__What is needed__: Repeat only the lines from the one containing "Anden særlig race" to the final line below, exactly as they read, and leave every picture out.

═════ Extracted material ═════

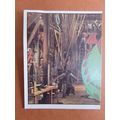 Petes Dragon Panini Sticker No 302
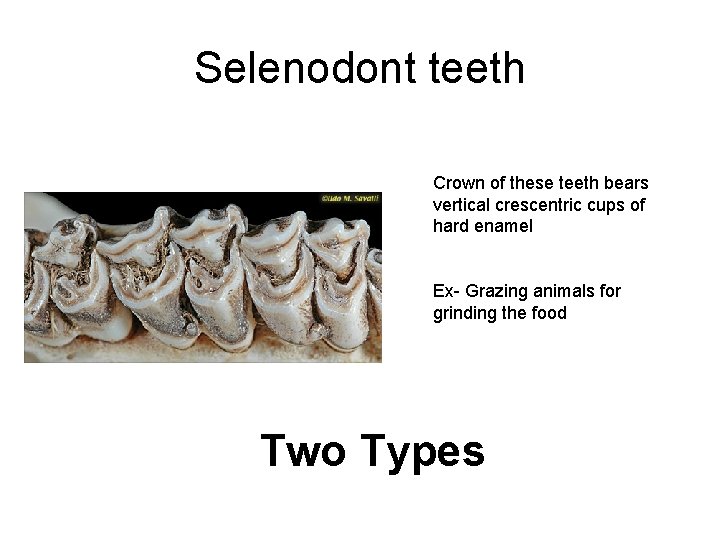 Selenodont teeth Crown of these teeth bears vertical crescentric cups of hard enamel Ex- Selenodont teeth Crown of these teeth bears vertical crescentric cups of hard enamel Ex-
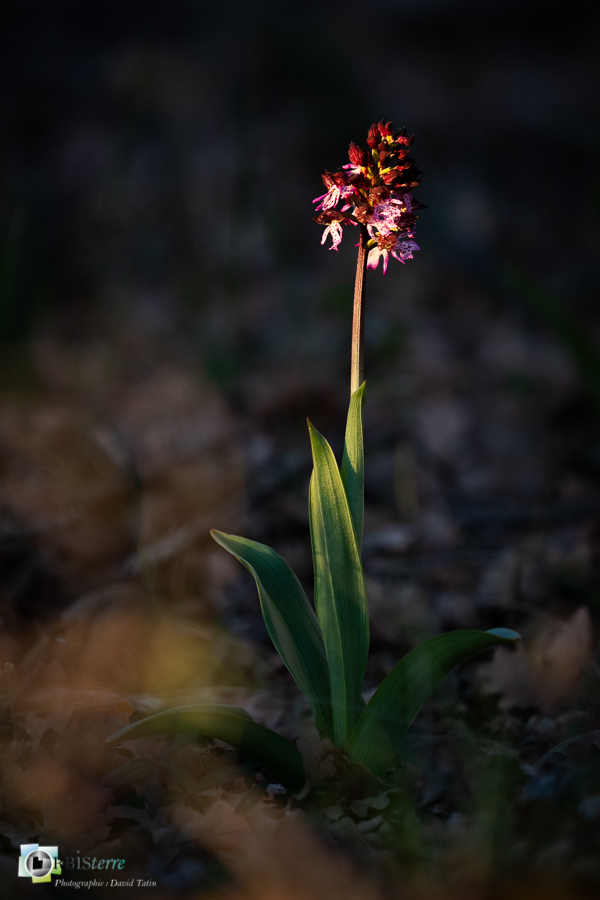 Alpes de Haute Provence, Orchis pourpre, esparron, flore, orchidée, parc naturel régional du verdon__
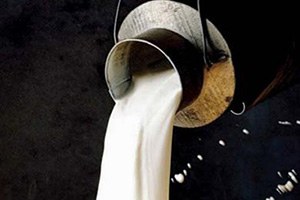 Bakan Çelik Sokaktan Alınan Sütlere Karşı Uyardı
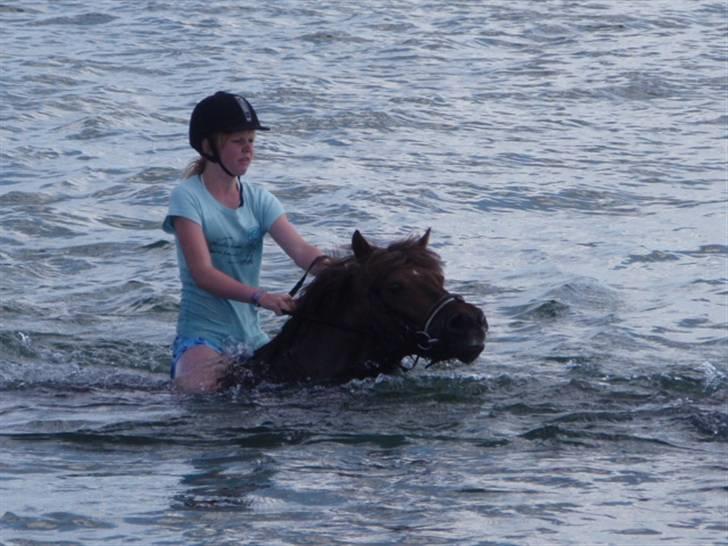 Anden særlig race Basse *SOLGT :'( * billede 19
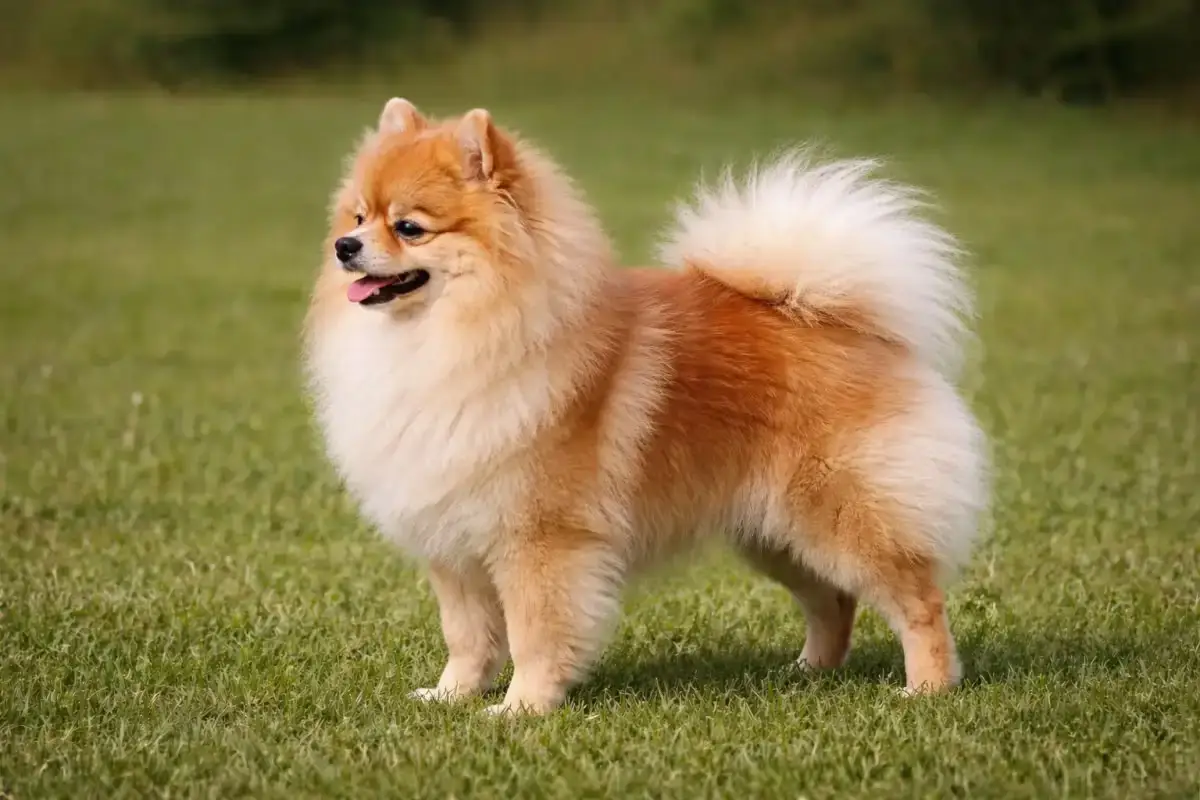 pomeranian | pomeranian dog | pomeranian dog price in UAE | pomeranian dog price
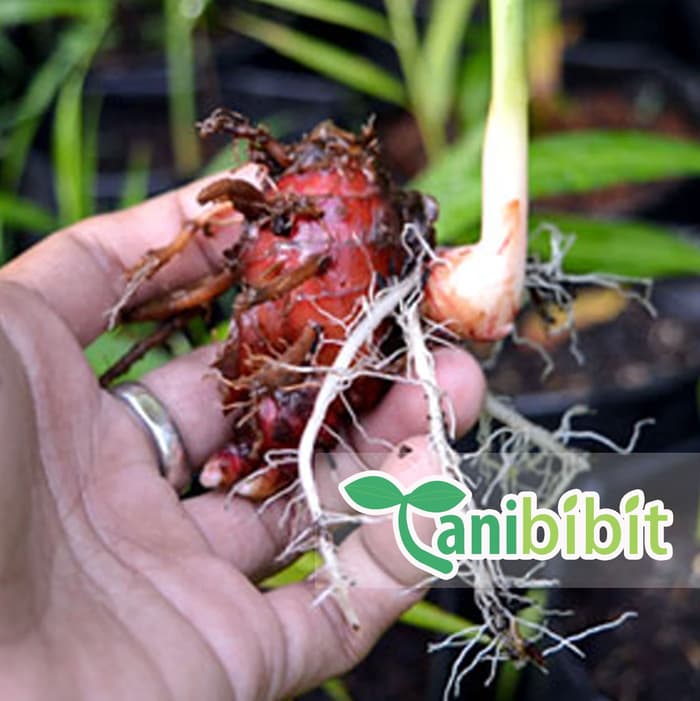 Bibit Jahe Merah - Benih Pohon Obat Herbal - Rimpang Jahe Merah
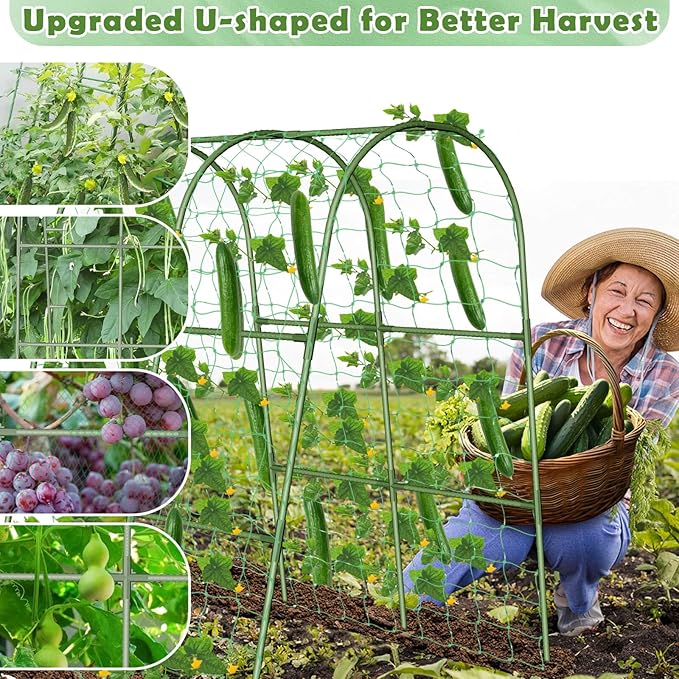 Cucumber Trellis for Raised Bed Garden Arch Trellis for Climbing Plants Outdoor Metal Garden Trellis for Spring Vegetables Cucumber Trellis for Spring Tomato Bean Pea Grape Plant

═════

__Expected output__:
 Anden særlig race Basse *SOLGT :'( * billede 19
 pomeranian | pomeranian dog | pomeranian dog price in UAE | pomeranian dog price
 Bibit Jahe Merah - Benih Pohon Obat Herbal - Rimpang Jahe Merah
 Cucumber Trellis for Raised Bed Garden Arch Trellis for Climbing Plants Outdoor Metal Garden Trellis for Spring Vegetables Cucumber Trellis for Spring Tomato Bean Pea Grape Plant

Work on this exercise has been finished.